Bangladesh scrapped IPO lottery. What are the benefits?

  • Farhan Fardaus, bdnews24.com
    Published: 2021-01-20 10:39:24 BdST

The Bangladesh Securities and Exchange Commission has changed the IPO rules to scrap the lottery system. That means the shares will be distributed among all applicants in a proportionate rate from April under the new rules.

Why has the SEC chosen this system? Market analysts say the new system will augur well for the stock market by preventing irrational share price hikes.

The regulator announced the decision to launch the new system on Dec 31 last year, saying it aims to encourage long-term investments in the capital market.

The new rules stipulate a new condition that an investor must have a minimum of Tk 20,000 investment in the secondary market to apply for IPO shares.

It will infuse fresh money into the market because the investors must put their funds first in the secondary market to get IPO, said SEC spokesman Mohammad Rezaul Karim.

A general investor must also apply for shares worth a minimum of Tk 10,000 from the IPO. They can also apply for investment of multiplications of Tk 10,000.
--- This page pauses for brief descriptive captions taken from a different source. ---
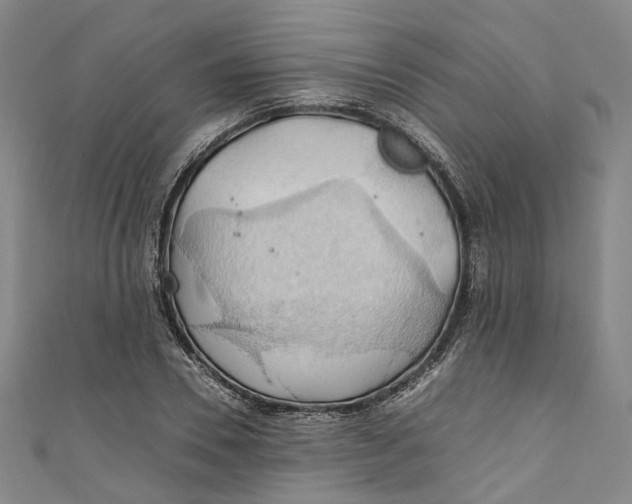 X0000111210930200907221148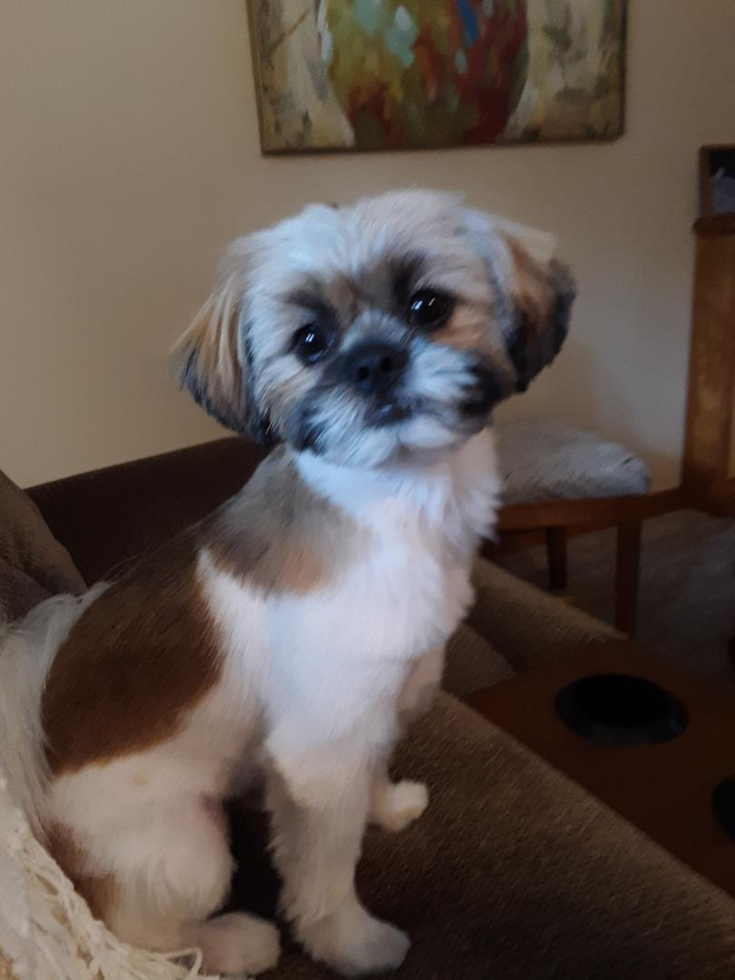 Happy Shih Pom Pup in Galloway NJ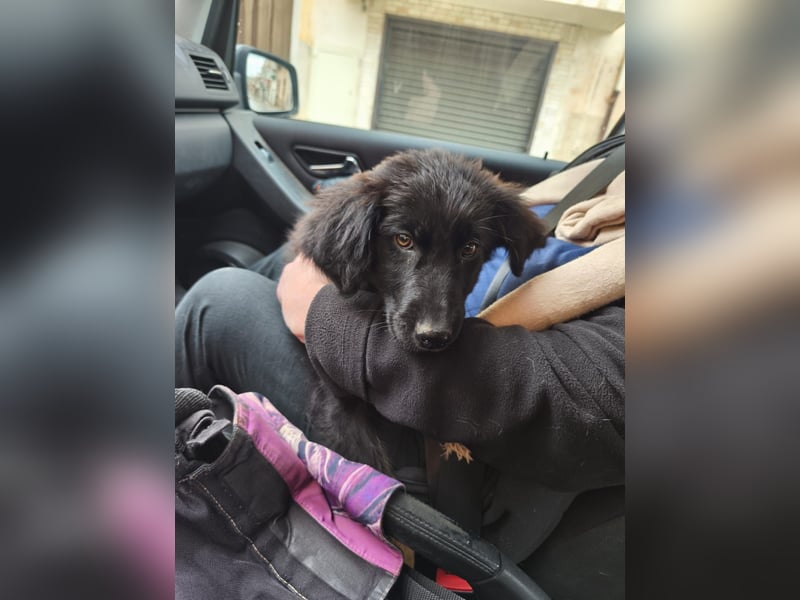 süßer Knut sucht sein Zuhause für immer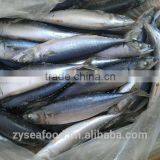 Sea Frozen/Land Frozen Pacific Mackerel thumbnail-2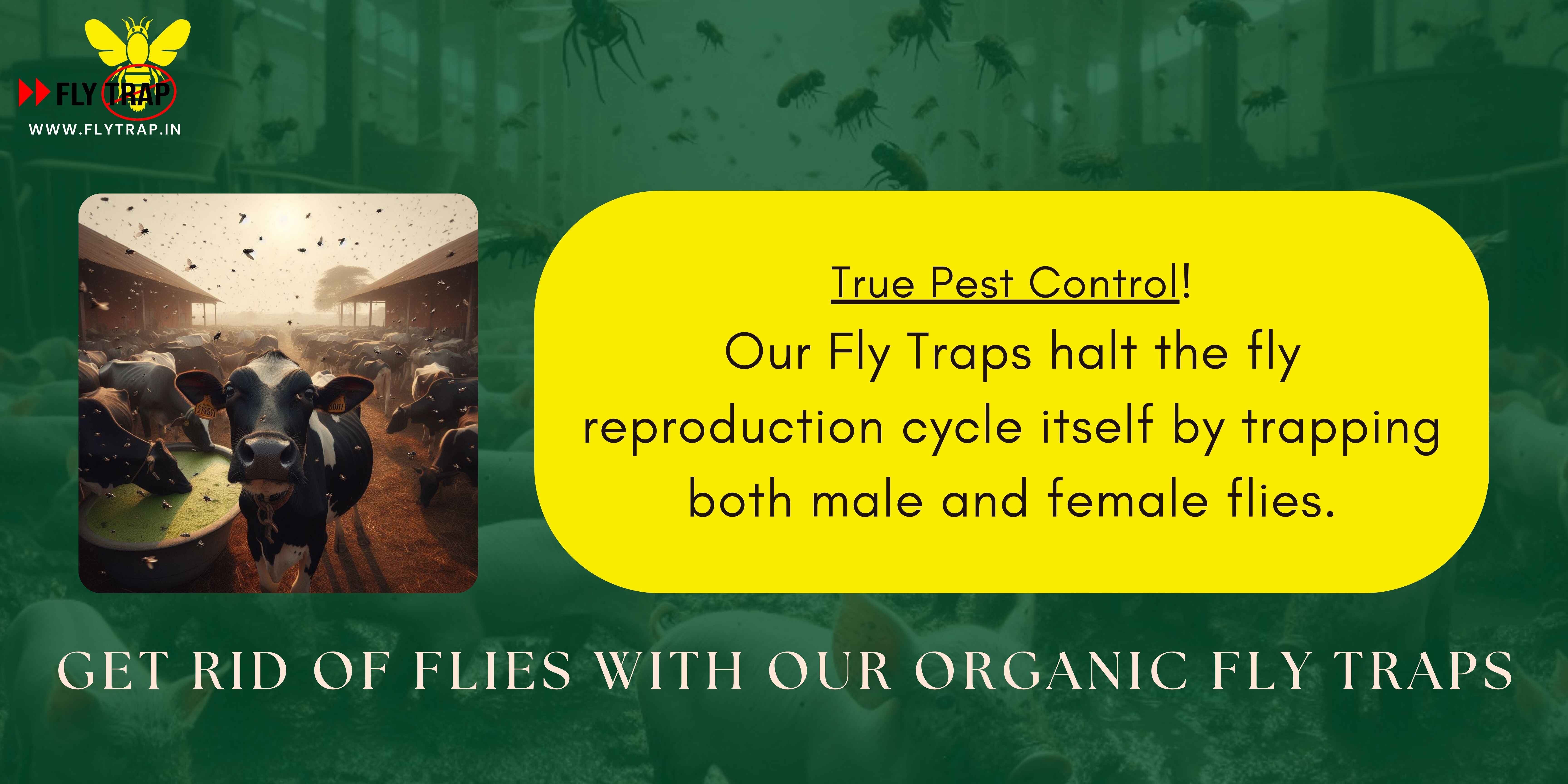 Fly Control measure using fly trap in a dairy farm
Mahmood Osman Imam, a professor at the Dhaka University’s finance department, said everyone will get shares under the new rules. “The share price will not rise irrationally during the IPO since there will be no auction,” he added.

Md Moniruzzaman, managing director of IDL Investments Ltd, agrees. “Ending the lottery system is a good decision. Everyone will get shares and the flow of issues will increase. Huge amounts of shares won’t end up in the hands of a few people. Share price will not increase unreasonably during IPO either.”

The market regulator says the new system aims to encourage long-term investment.

The market regulator says the new system aims to encourage long-term investment.

Moniruzzaman believes the new rules will create a new class of investors who want to make long-term investments.

Many investors wait for new IPOs and apply through the lottery by creating several BO accounts with ID cards of people close to them. After they succeed in the lottery, these investors sell off the shares and leave the market when the prices are at a high.

Such investors are called “IPO hunters”. General investors sometimes lose in the lottery as they are crowded out by such “IPO hunters”.

M Sadiqul Islam, another professor at Dhaka University’s finance department, thinks the abolishment of the lottery system will also put an end to the dominance of these “IPO hunters”.

Mostaque Ahmed Sadeque, managing director of brokerage house Investment Promotion Services Ltd, said, “Those who invest only in IPOs do not belong to the market. Many of them never invest in the secondary market.”

“Now everyone must invest at least Tk 20,000 in the secondary market first to invest in IPO. It will impact the stock market positively as everyone will try to make long-term investments.”